I think that characterization is too broad. For starters, the iPad doesn't have a "current form" in that we've only been shown a brief demo of the highlights. Even within the last few days information has trickled out that suggests some depths and capacities not mentioned in the keynote, I don't see any reason not to imagine that there will be more surprised in the next few months.

There will also be apps. Are you saying that no one will write any apps that "serious professionals" would deign to use? It kind of depends on what kind of work is being done, surely?

Well, that's the characterisation that the owner of this company used to describe his own product.

Of course it will have professional uses, but given the screen real estate it will never be used for high end video or graphics design work - an A4/US Letter spread plus interface? A HD content window for video plus interface? A 1 Ghz Processor and no 'real' multitasking make this clear.

This thing is intended to go into every home, be on every couch, in every man bag. It's a kindle meets the iPod touch, it's a new category of device. Apple already make phones, laptops, desktops, this is intended to replace NONE of those, Apple will not damage sales of their own higher end devices.

So yes, there will be apps for this thing which assist professionals day to day, but it will NEVER be a high end content creation tool in the form in which it is currently being sold.
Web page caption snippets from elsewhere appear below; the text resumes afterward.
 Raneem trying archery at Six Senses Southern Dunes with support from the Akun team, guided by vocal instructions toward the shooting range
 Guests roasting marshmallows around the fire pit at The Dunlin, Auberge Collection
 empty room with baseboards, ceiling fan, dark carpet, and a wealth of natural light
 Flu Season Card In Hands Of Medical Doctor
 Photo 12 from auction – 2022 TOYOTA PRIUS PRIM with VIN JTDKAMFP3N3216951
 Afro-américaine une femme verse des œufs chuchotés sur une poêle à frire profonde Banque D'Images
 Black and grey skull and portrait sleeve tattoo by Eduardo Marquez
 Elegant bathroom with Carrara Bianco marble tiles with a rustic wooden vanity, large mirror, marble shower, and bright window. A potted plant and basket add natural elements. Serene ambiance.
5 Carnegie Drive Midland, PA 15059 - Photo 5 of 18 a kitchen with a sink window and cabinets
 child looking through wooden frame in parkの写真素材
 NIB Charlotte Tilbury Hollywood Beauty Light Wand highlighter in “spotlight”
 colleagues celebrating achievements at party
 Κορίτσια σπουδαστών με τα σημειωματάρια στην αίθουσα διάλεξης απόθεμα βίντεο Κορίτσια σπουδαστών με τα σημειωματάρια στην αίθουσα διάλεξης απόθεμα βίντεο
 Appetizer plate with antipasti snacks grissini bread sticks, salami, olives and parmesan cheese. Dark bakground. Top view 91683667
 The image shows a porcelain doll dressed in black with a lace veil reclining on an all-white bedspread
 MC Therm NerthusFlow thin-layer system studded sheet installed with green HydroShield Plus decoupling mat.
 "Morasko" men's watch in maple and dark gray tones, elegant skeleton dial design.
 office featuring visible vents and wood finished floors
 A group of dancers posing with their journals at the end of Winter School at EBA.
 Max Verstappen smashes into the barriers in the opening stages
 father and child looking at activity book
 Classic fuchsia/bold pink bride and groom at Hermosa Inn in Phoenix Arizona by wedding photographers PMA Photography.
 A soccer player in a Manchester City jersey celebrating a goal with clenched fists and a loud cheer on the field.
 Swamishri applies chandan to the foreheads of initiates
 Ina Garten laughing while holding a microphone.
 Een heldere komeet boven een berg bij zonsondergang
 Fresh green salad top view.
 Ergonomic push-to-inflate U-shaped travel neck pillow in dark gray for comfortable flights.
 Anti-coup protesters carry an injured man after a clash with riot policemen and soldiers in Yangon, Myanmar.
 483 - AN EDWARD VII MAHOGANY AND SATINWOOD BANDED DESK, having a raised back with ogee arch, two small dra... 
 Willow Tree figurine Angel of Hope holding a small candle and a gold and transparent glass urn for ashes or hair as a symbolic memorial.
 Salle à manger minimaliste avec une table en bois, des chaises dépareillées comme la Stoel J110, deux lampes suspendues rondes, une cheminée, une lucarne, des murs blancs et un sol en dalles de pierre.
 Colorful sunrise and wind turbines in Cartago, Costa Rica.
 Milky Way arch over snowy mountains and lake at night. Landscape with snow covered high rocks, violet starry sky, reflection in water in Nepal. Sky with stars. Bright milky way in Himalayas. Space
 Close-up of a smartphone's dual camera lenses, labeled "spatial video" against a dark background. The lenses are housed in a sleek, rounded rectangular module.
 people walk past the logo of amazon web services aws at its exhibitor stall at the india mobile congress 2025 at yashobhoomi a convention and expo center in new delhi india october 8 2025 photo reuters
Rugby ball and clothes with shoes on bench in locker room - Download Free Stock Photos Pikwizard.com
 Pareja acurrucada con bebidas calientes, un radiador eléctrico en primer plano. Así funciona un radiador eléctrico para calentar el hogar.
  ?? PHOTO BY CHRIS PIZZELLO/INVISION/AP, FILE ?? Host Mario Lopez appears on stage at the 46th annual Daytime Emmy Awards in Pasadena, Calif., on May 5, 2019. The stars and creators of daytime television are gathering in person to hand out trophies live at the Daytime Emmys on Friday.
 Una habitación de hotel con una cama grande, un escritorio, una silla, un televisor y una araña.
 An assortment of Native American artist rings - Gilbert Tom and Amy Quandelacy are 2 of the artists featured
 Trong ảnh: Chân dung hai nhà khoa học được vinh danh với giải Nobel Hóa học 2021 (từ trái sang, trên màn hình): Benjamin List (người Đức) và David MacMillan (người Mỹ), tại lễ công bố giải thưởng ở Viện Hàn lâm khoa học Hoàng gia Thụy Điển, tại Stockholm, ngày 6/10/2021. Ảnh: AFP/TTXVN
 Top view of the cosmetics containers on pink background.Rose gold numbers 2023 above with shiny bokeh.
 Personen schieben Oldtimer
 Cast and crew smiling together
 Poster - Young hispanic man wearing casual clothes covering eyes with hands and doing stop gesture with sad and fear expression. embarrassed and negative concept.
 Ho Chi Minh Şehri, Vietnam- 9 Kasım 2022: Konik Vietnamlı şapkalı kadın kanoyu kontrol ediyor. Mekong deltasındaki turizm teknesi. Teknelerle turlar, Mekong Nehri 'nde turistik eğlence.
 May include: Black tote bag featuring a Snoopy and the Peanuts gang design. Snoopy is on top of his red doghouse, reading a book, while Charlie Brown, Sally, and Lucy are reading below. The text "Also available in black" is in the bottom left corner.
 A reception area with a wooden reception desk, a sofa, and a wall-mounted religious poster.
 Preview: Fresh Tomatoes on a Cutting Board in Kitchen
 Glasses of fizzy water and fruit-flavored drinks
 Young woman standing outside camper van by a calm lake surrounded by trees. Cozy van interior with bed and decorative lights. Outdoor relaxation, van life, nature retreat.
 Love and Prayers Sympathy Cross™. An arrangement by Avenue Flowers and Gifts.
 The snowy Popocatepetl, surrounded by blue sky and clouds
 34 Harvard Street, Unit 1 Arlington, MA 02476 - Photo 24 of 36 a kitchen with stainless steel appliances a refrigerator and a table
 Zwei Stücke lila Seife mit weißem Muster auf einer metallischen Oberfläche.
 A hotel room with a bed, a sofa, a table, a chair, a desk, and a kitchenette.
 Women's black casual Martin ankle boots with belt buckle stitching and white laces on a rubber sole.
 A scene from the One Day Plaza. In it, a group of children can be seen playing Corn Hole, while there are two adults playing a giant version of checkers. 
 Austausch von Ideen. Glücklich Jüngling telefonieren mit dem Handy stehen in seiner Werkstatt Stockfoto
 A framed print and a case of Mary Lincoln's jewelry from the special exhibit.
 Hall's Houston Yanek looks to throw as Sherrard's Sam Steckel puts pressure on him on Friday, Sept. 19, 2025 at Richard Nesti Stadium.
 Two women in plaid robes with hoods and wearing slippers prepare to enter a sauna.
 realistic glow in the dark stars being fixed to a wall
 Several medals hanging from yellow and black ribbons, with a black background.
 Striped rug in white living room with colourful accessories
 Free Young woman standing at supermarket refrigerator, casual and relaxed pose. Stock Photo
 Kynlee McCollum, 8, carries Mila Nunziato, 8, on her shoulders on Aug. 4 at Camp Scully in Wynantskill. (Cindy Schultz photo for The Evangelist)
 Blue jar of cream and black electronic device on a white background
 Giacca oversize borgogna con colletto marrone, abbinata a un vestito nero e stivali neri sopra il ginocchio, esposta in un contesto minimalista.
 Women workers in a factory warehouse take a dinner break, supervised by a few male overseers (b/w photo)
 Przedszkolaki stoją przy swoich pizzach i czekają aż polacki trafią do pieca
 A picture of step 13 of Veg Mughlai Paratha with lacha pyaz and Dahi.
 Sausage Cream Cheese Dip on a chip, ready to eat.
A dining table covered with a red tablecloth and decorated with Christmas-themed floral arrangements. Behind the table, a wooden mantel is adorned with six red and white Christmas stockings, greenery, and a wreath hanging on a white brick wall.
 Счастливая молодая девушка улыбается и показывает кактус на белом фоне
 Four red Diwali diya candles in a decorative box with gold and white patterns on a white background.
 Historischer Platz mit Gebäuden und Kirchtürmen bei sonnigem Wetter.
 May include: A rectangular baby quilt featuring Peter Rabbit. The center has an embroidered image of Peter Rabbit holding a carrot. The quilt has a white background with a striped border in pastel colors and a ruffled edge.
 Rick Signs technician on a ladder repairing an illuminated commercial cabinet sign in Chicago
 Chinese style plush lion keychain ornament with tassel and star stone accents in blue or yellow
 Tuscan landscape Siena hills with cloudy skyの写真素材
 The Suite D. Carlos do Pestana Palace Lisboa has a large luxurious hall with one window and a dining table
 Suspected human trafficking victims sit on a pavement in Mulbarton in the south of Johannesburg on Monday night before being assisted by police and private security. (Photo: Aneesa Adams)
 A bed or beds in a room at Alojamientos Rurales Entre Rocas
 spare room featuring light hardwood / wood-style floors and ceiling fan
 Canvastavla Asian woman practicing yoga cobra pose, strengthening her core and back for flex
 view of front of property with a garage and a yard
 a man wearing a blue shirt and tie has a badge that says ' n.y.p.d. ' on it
And don't say there is no 'current form' - go look at apple.com/ipad - it's very clearly expressed right there.

What is with people wanting this to be something it is not designed to be?

There's no phone functionality. Fail. Well, it's not a phone...
There's no camera. Fail. Well, it's not a camera...
There's no USB/SD Card on board. Fail. There are accessories to do that, making clear that this isn't primary function territory.

It's wi-fi, it's 3g, it reads books, plays music and browses the web. Home users can use iWork to write newsletters and doing domestic level accounting. That is a great set of functions.

The ONLY criticism to be levelled is the lack of flash, and it's for Adobe to sort that mess, not Apple - unless Adobe make flash Opensource and let others fix it for them.